When the Nolans embarked on a reunion tour in 2009, she felt alive again and, with the girls' support, the clouds starting lifting. But when the tour ended, she found a huge void in her life.

Then, when Bernie was diagnosed with breast cancer and Linda was still battling depression, she started having panic attacks and self-harming.

"I would dig my fingernails so deep into my hand that I'd draw blood. Other times, I would bite my hand until I broke the skin," she writes. "It sounds cliched and very dramatic, but it concentrated pain somewhere else in my heart," she says now. "But I got help. The main thing through all of my depression was that there was someone to talk and help me through it.

"I might be on anti-depressants for life, but they stop me crying every day. It's not a magic cure. I still have down days. But they make it easier."

She has now given herself a bucket list, she says.

"It just sounds ridiculous because the things on my bucket list aren't massive things," she says. "I would love to fly first class. I've never done that. I've flown business class when we were flying to Japan a lot, but never first class.

"I would love to take my great-nieces and nephews to Lapland to see Santa. I want to go to New York with my siblings for the Macy's Parade.And I'm a shoe-aholic. I always wanted a pair of Jimmy Choos or Louboutin's."

She is not sure if the Nolans could reunite again for another tour without their beloved sister Bernie.

"We did 2009 and then we were going to do one last farewell tour and then Bernie got ill. It's just too hard to do it without her. There's just this massive gaping hole. But we never say never and would maybe do it involving her in some way, with video."

It's clear family means everything to Nolan. The daughter of singer Tommy Nolan, she grew up in close-knit Irish family of eight children (six daughters, two sons) but the dynamics were complex. Tommy Nolan was also a borderline alcoholic who beat his wife, singer Maureen, and a womaniser who fathered a daughter by another woman.

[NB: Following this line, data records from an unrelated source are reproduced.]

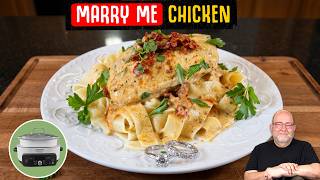 Marry Me Chicken in the Ninja Slow Cooker — So Easy & SO Delicious!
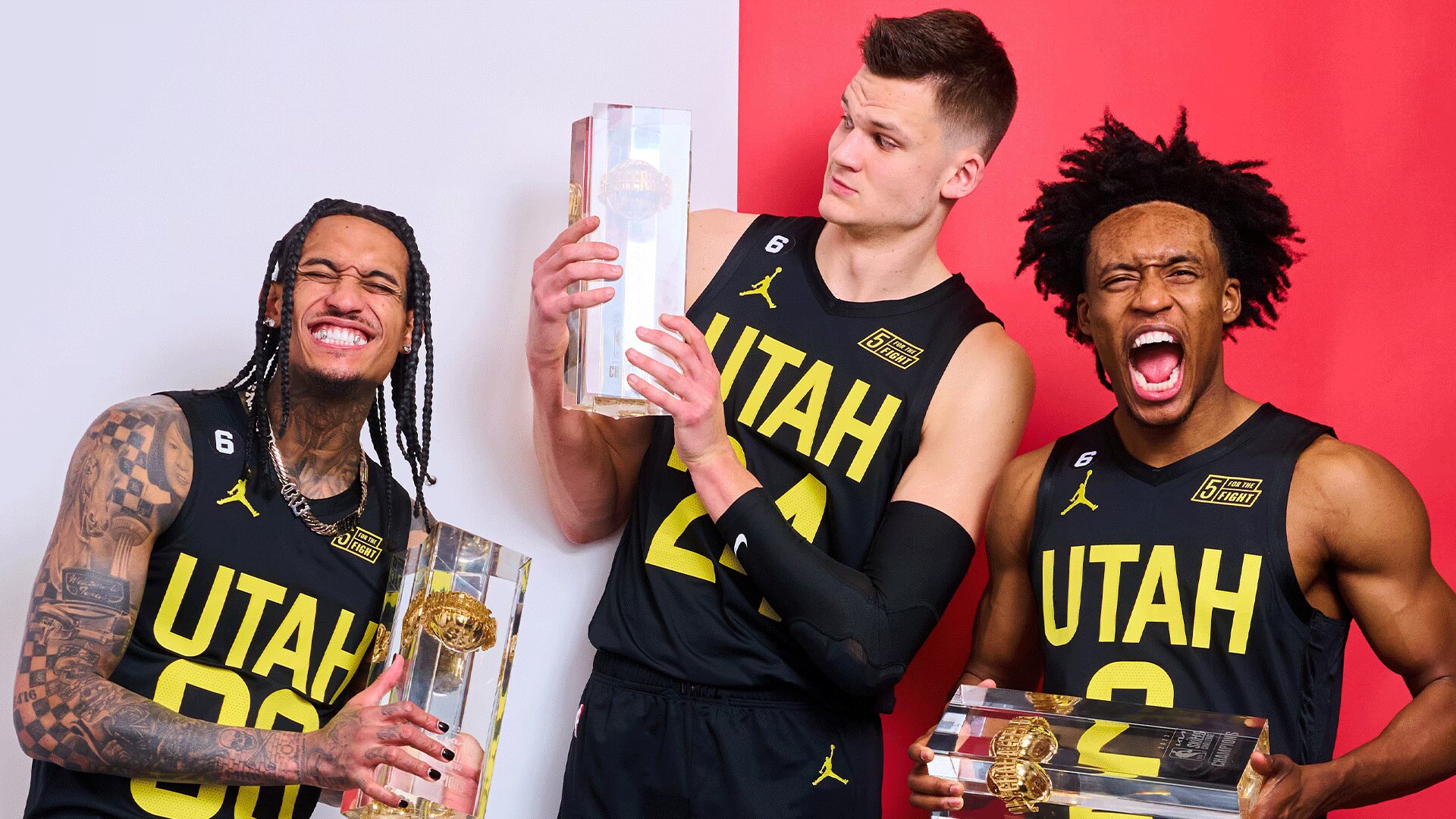 Utah Jazz 2023-2024: al ritmo de la nueva generación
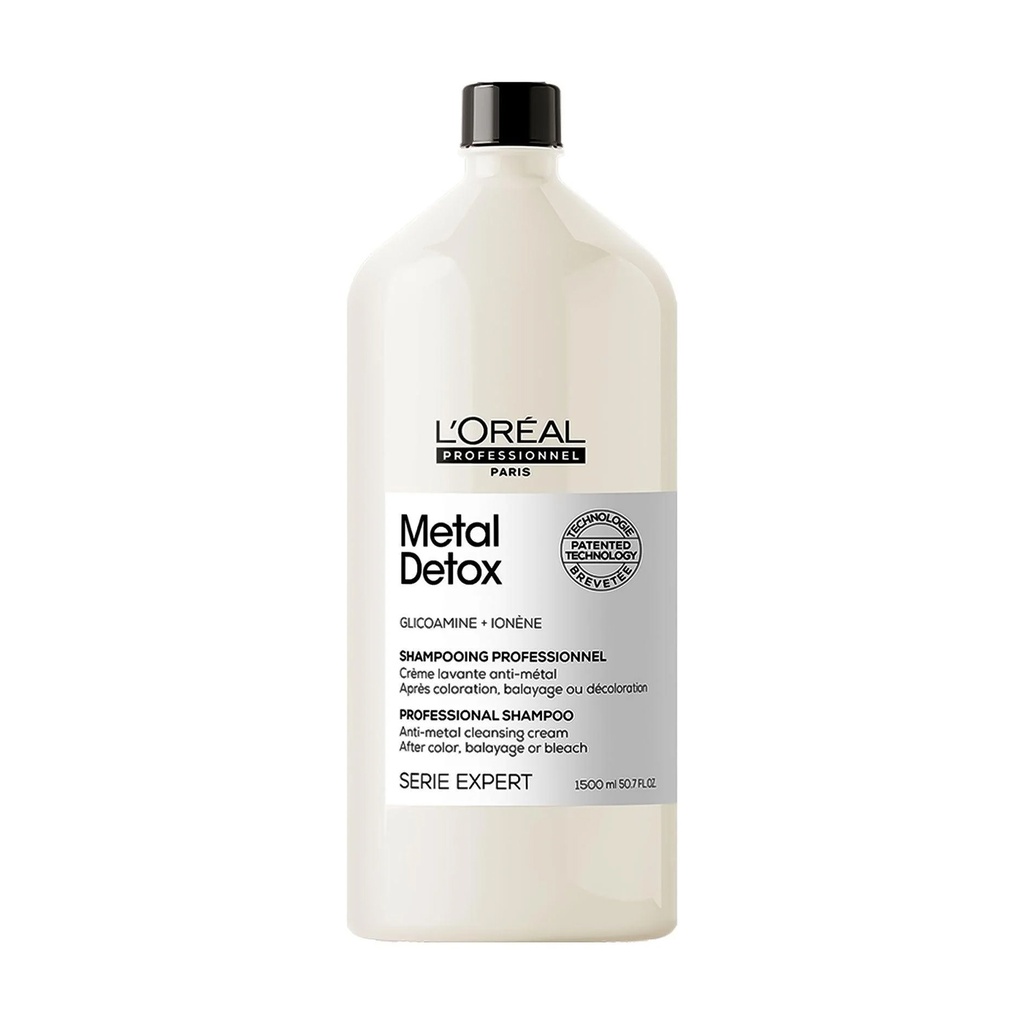 L'Oréal Professionnel  Serie Expert Metal Detox Shampoo 1500ml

The family moved from Dublin to Blackpool in 1962 when Linda was three, and the sisters made a name for themselves playing the local working men's clubs, before hitting the big time in the Seventies.

She has grieved for her husband for a long time, but says she's finally ready to find love again.

"I'd like to have someone to go to the cinema with and maybe go for dinner with, or just somebody to put their arm around me. It's not about sex. If I fell in love again, that would be amazing, but I know I've had the love of my life."

From My Heart by Linda Nolan is published by Sidgwick & Jackson on March 8, priced £18.99.